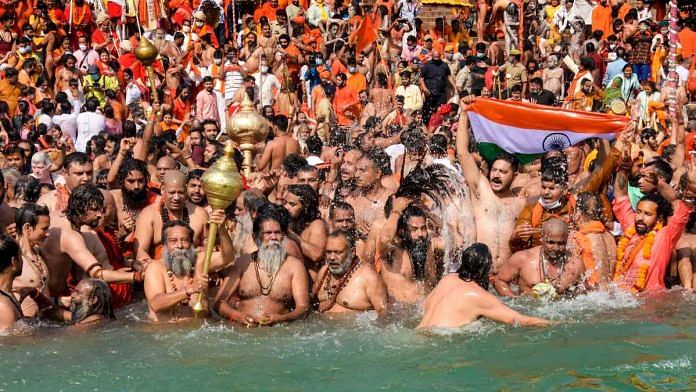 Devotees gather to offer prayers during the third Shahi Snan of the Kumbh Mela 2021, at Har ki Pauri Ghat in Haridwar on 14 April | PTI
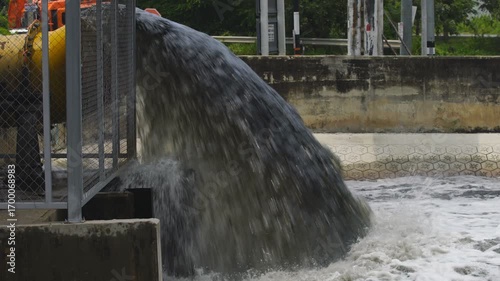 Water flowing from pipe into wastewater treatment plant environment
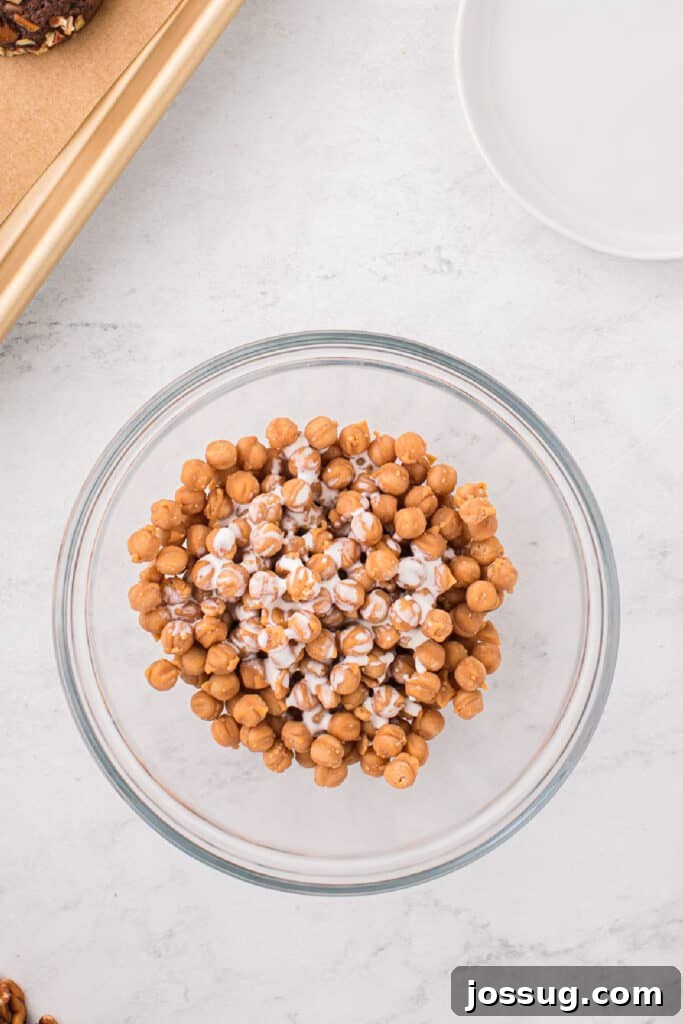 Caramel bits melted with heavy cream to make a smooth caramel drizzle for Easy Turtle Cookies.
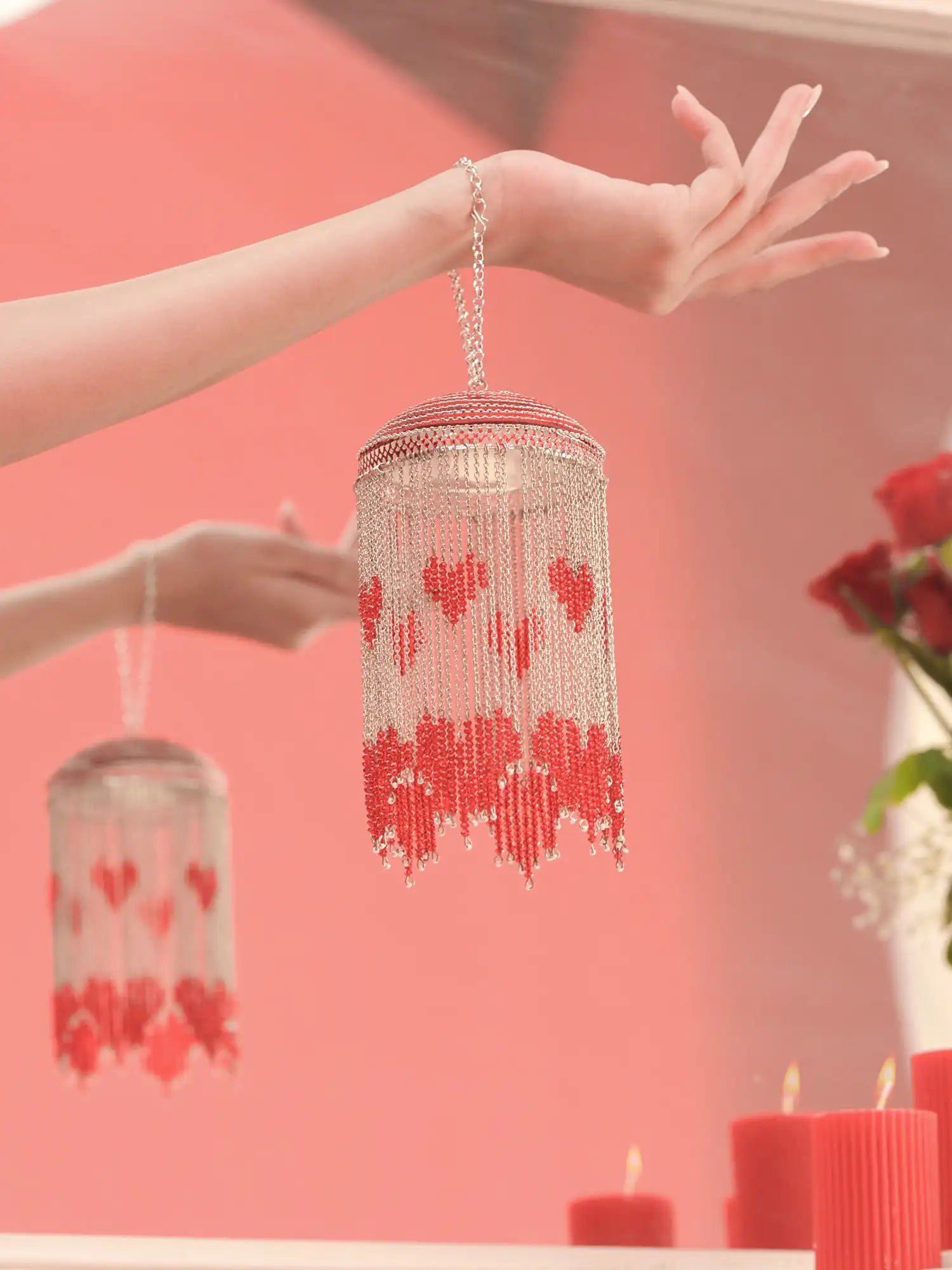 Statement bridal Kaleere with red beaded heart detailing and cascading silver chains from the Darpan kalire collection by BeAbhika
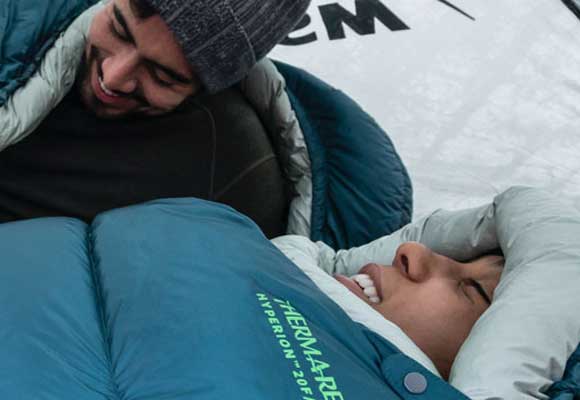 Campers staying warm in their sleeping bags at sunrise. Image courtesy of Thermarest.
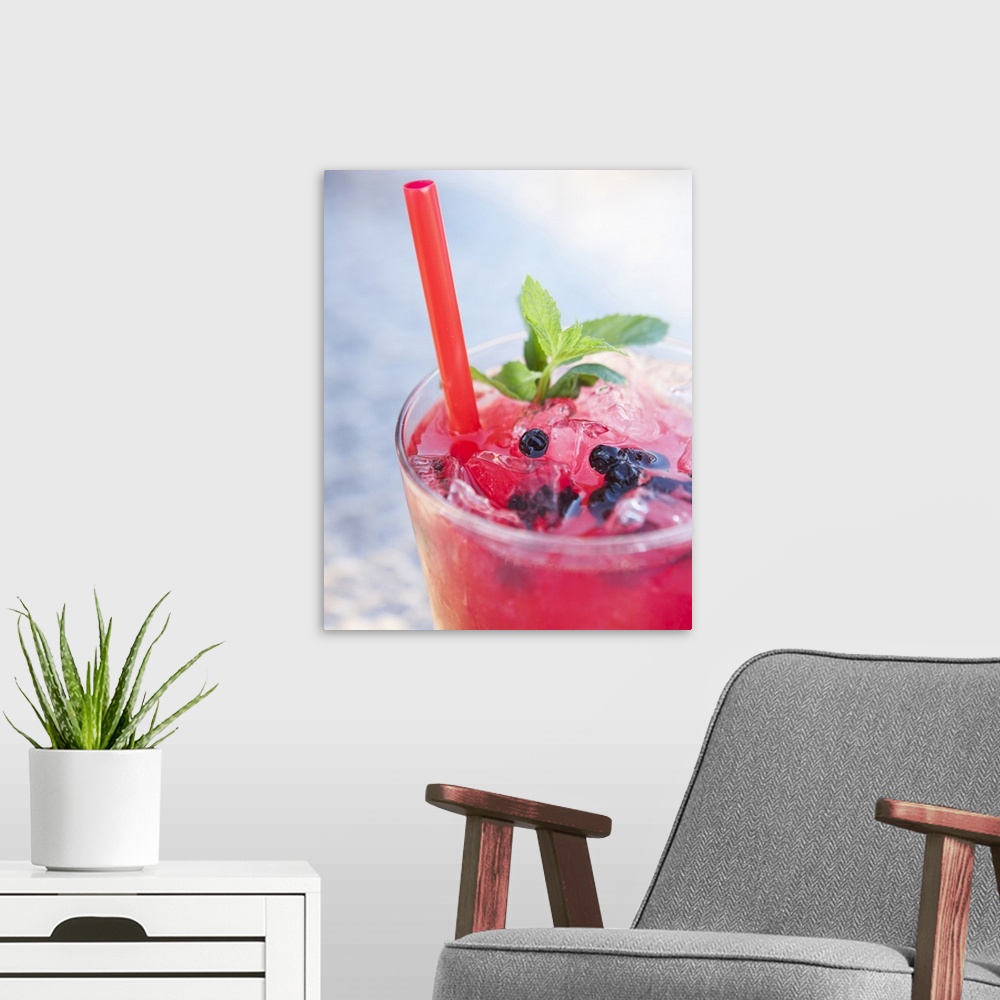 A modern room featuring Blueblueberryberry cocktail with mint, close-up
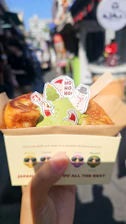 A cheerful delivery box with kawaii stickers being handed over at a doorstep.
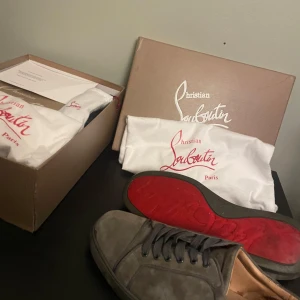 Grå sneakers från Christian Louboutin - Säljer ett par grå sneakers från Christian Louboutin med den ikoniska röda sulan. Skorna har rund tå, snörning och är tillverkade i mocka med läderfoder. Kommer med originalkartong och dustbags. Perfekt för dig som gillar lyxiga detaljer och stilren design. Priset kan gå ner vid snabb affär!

- - -

▸ **Task to carry out**:
Transcribe exactly, and only, the lines from the one containing "Water flowing from" through the last line of the records above, both included; leave out the pictures.

▸ **Solved problem**:
 Water flowing from pipe into wastewater treatment plant environment
 Caramel bits melted with heavy cream to make a smooth caramel drizzle for Easy Turtle Cookies.
 Statement bridal Kaleere with red beaded heart detailing and cascading silver chains from the Darpan kalire collection by BeAbhika
 Campers staying warm in their sleeping bags at sunrise. Image courtesy of Thermarest.
 A modern room featuring Blueblueberryberry cocktail with mint, close-up
 A cheerful delivery box with kawaii stickers being handed over at a doorstep.
 Grå sneakers från Christian Louboutin - Säljer ett par grå sneakers från Christian Louboutin med den ikoniska röda sulan. Skorna har rund tå, snörning och är tillverkade i mocka med läderfoder. Kommer med originalkartong och dustbags. Perfekt för dig som gillar lyxiga detaljer och stilren design. Priset kan gå ner vid snabb affär!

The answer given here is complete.